Accueil Divertissement
 
Agence QMI
Les Belvédères  - Complices jusqu'au bout de leurs rêves
Courtoisie

LES BELVÉDÈRES

Complices jusqu'au bout de leurs rêves

Dany Bouchard
17-04-2009 | 19h48

Aidé de son frère Guillaume, Vincent Lemay-Thivierge se lance dans la musique avec son groupe Les Belvédères.

La formation lancera son premier album, 7e Rock, au Club Soda le 30 avril.

«On est un groupe rock à tendance progressive qui fait le party en spectacle», comment Vincent Lemay-Thivierge.

L’album des Belvédères compte sept reprises de chansons connues (de Joe Dassin, d’Offenbach, des Rita Mitsouko, et de Corbeau), ainsi que cinq compositions originales.

Le groupe est composé de sept membres (Maude ­Cicciarello, Sophie Dupuis, Éric Bonnette, Ulric Corbeil, François Lelièvre, Éric Portelance et Vincent Lemay-­Thivierge) dont quatre agissent à titre de chanteurs.

«On est deux gars et deux filles qui chantent des choses complètement différentes», précise Vincent, en parlant de l’influence de Madonna, pour l’une, et de l’influence de Janis, pour une autre.

Depuis près de cinq ans

Le groupe Les Belvédères s’est formé en juin 2004, dans le but de donner un concert pour la Saint-Jean-Baptiste.

«Je faisais déjà des spectacles solo un peu partout quand on m’a demandé de faire ce spectacle-là. J’ai rappelé deux amis avec qui j’avais fait de la musique il y a longtemps et les autres musiciens se sont ­tranquillement greffés à nous», raconte Vincent.

Depuis près de cinq ans, le groupe multiplie les ­spectacles dans les festivals, les mariages, les ­anniversaires, et autres manifestations du genre.

Le comédien Guillaume Lemay-Thivierge, le frère de ­Vincent, agit à titre de parrain du groupe.

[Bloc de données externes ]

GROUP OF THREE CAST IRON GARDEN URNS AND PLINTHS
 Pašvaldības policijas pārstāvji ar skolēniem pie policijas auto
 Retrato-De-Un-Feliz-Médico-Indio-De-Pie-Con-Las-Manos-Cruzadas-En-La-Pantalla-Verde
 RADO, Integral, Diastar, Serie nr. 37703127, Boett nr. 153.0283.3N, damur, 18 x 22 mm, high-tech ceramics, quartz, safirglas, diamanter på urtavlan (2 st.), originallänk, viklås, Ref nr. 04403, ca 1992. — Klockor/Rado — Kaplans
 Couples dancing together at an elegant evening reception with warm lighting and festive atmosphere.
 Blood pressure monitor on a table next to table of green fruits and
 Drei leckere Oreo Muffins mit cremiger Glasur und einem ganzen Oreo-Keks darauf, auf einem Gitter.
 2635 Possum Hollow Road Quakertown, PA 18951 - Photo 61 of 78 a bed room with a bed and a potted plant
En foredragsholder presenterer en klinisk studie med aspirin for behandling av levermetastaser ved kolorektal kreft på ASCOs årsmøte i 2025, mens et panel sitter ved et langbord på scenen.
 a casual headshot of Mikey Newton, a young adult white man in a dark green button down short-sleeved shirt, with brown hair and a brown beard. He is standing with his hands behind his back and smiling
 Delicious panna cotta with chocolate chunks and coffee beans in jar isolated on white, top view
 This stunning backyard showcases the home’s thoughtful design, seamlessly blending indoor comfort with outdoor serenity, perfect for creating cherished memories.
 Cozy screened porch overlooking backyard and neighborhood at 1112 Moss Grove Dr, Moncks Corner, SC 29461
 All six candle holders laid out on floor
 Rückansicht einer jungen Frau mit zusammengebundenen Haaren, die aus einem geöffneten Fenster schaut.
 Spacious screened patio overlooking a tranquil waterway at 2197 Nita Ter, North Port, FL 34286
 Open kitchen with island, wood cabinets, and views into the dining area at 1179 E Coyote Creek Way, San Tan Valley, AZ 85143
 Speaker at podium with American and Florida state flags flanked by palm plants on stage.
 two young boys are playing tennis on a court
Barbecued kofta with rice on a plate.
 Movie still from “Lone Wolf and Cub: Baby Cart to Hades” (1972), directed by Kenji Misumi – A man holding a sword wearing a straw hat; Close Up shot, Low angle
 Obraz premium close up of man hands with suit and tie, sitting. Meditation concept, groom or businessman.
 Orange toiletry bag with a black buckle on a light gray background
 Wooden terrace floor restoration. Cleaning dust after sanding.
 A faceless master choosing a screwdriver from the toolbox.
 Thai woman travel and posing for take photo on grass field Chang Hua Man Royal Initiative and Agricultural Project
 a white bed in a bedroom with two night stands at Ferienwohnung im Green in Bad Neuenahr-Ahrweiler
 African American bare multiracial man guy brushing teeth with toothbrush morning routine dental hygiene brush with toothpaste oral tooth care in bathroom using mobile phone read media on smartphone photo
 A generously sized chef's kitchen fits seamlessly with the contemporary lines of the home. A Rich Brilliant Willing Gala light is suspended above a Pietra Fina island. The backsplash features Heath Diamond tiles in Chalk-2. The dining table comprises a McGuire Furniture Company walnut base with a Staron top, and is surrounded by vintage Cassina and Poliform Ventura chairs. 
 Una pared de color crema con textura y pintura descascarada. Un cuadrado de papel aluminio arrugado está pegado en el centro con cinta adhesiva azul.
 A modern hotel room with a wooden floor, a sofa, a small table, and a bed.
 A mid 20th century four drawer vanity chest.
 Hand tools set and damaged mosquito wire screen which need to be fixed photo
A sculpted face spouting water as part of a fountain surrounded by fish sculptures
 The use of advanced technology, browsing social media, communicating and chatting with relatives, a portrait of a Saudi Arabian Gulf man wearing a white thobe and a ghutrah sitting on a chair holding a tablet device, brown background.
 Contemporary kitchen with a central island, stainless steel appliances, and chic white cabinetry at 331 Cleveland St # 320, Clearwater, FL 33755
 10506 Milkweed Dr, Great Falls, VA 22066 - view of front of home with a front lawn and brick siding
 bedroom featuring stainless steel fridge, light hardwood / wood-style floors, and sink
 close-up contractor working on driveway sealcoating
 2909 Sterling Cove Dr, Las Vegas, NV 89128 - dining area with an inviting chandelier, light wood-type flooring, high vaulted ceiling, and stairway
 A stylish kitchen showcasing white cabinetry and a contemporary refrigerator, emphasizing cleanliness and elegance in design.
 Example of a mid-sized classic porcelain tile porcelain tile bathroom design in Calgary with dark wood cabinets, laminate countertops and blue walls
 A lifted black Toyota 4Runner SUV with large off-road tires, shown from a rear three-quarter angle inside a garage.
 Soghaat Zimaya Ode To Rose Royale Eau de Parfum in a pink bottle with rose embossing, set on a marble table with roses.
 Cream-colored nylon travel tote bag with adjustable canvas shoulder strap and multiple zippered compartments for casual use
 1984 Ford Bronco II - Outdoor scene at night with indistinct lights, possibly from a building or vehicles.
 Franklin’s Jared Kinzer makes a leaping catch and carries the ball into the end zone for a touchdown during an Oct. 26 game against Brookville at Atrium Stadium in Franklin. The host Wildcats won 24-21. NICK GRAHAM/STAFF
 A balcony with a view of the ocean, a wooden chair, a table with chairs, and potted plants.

«Il nous aide beaucoup. Il nous encourage, nous aide à ­choisir les chansons. Il nous aide aussi ­financièrement», ­souligne Vincent.

Sur l’album, le comédien va même jusqu’à chanter quelques couplets sur la chanson Siffler sur la colline, popularisée par Joe Dassin, et sur Chu un rocker, ­d’Offenbach.

«Dans mes années difficiles, Vincent m’a beaucoup aidé. Je faisais des shows avec lui pour garder la main. C’est un retour d’ascenseur», confie Guillaume en se disant ­particulièrement proches depuis toujours.

Il y a longtemps, au tout début de la carrière ­cinématographique de Guillaume, les deux frères ­donnaient régulièrement de petits spectacles ensemble.

«On faisait des petits shows d’une vingtaine de minutes pendant des séances de signatures d’autographes, se ­souvient Vincent. On a donné à peu près 400 spectacles et on allés partout: dans les centres commerciaux, les écoles, ­partout.»

Guillaume Lemay-Thivierge est convaincu qu’il y a une ­place dans le showbiz québécois pour un groupe comme Les Belvédères.

«Je pense que les grandes influences musicales sont ­derrière nous, pas toutes, mais la majorité. On a le goût de réentendre ce qui a été créé et quand on veut ­découvrir, on veut le faire lentement», dit-il.